I’m following this tutorial
https://huggingface.co/docs/transformers/accelerate
in order to perform distributed training on various g5 sagemaker instances, I’ve refactored my code in the same manner as the tutorial shows. No matter how big the G5 instance, or how many instances I utilize when I run my sagemaker training job, it always fails when the max amount of tokens is greater than 18. Below is an example code snippet
accelerator = Accelerator()
model = AutoModelForCausalLM.from_pretrained("microsoft/phi-1_5", trust_remote_code=True)
tokenizer = AutoTokenizer.from_pretrained("microsoft/phi-1_5", trust_remote_code=True)#, torch_dtype="auto")

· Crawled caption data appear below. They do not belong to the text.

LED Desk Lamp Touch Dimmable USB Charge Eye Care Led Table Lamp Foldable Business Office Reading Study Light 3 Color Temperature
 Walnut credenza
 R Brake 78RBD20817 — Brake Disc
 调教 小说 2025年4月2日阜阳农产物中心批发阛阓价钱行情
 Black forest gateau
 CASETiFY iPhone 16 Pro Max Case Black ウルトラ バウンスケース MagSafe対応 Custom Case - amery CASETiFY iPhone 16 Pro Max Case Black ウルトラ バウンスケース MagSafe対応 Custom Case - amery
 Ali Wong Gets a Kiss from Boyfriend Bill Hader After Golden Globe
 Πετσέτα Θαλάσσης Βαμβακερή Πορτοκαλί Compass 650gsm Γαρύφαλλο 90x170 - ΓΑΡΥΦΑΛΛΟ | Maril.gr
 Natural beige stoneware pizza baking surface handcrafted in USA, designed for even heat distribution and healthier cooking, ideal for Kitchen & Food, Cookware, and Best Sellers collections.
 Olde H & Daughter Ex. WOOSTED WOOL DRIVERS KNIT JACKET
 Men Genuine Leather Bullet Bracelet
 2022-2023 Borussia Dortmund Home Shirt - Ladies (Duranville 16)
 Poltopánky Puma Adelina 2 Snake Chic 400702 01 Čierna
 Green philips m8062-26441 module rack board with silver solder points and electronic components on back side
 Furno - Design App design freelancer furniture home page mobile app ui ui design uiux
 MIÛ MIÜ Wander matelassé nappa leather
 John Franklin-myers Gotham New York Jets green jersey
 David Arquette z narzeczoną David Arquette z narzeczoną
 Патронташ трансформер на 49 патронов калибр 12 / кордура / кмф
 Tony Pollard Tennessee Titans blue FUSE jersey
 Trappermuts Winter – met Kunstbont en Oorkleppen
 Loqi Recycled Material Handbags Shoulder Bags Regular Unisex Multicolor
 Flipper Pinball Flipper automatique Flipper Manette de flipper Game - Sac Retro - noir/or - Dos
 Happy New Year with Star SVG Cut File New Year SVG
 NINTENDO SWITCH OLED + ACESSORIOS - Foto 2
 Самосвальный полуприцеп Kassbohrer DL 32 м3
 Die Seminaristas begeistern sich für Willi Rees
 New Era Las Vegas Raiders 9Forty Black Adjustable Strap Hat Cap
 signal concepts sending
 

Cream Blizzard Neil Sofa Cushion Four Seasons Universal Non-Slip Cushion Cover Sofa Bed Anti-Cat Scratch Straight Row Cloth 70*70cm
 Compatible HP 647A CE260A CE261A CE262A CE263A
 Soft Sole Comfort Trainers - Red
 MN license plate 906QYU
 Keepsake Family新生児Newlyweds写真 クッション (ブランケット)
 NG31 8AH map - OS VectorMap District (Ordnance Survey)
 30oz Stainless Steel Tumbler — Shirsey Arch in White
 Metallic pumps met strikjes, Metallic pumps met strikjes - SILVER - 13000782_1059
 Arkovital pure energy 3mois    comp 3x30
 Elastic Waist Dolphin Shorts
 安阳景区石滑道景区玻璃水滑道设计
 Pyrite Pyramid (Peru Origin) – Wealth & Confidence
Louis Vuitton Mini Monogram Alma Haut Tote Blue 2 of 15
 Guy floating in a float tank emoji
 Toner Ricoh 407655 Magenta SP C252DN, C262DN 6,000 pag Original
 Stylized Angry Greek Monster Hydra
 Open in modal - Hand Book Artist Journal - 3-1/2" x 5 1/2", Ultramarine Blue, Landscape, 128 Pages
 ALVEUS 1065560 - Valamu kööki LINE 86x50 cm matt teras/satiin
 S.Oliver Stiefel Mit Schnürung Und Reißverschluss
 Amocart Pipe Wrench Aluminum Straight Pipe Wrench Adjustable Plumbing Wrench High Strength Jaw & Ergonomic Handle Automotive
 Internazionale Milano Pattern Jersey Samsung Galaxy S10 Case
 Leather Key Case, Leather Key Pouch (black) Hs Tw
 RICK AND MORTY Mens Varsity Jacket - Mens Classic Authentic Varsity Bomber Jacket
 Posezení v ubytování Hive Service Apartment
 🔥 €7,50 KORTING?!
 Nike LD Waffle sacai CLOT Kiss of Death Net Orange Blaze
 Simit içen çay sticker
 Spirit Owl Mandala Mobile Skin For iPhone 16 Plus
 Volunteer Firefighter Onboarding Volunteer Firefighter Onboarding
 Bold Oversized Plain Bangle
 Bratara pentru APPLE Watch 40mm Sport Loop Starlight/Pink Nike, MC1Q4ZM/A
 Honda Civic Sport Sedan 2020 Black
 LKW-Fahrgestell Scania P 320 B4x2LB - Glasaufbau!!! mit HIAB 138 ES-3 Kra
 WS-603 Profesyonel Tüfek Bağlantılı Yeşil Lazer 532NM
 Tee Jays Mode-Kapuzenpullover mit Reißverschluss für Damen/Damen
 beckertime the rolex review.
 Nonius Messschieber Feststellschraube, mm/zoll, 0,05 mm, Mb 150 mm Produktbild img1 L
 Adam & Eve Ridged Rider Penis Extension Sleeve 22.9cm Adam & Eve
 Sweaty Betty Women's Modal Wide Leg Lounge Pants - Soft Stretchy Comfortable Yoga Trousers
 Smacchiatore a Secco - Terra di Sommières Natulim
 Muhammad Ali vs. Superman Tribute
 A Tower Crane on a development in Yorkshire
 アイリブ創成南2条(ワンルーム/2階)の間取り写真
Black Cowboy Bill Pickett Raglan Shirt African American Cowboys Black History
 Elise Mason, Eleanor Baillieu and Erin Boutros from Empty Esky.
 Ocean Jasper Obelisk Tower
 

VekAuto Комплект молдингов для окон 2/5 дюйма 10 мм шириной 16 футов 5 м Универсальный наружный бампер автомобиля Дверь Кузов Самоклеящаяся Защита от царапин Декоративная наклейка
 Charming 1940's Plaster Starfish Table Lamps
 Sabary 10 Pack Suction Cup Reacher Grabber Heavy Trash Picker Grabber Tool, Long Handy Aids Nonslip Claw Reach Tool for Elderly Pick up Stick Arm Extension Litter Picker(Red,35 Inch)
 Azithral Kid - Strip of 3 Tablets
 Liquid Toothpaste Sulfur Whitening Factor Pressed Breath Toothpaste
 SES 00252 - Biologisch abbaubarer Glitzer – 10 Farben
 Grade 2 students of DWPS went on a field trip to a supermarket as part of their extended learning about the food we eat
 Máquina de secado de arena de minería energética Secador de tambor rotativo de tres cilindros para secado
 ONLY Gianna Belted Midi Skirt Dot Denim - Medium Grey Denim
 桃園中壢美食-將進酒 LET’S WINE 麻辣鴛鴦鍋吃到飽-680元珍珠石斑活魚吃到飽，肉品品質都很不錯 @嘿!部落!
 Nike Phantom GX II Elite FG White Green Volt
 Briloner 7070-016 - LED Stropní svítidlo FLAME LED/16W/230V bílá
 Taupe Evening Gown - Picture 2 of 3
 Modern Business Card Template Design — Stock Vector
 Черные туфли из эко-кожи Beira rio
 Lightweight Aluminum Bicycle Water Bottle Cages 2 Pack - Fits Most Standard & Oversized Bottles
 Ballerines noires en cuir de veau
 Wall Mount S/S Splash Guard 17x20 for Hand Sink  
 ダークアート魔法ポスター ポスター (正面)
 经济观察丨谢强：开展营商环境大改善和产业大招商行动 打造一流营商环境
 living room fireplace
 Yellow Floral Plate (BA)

tokenizer.pad_token = tokenizer.eos_token
optimizer = AdamW(nli_model.parameters(),
lr = learning_rate, # previous 8e-6
eps = 1e-8 # args.adam_epsilon - default is 1e-8.
)
scheduler = get_linear_schedule_with_warmup(optimizer,
num_warmup_steps = 0, # Default value in run_glue.py
num_training_steps = 1)
toks = tokenizer(sentences, questions, padding='longest')
ds = Dataset.from_dict({"x": torch.tensor(toks['input_ids']), "mask": torch.tensor(toks['attention_mask']), 'labels' : torch.tensor([ 0 if i == 'no' else 1 for i in yes_or_no])}).with_format("torch")
dataloader = DataLoader(ds, batch_size=batch_count)
nli_model, optimizer, dataloader, scheduler = accelerator.prepare(nli_model, optimizer, dataloader, scheduler)
nli_model.train()
for batch in dataloader:
x_batch = batch["x"]#.to(device)
mask_batch = batch["mask"]#.to(device)
labels_batch = batch["labels"]#.to(device)
loss = nli_model(x_batch, attention_mask=mask_batch, labels = labels_batch)[0]
accelerator.backward(loss)
#loss.backward()
#print(nli_model.model.device)
#print(loss)
optimizer.step()
scheduler.step()
optimizer.zero_grad()
Is there a reason multiple GPU’s are never being used on these sagemaker training jobs?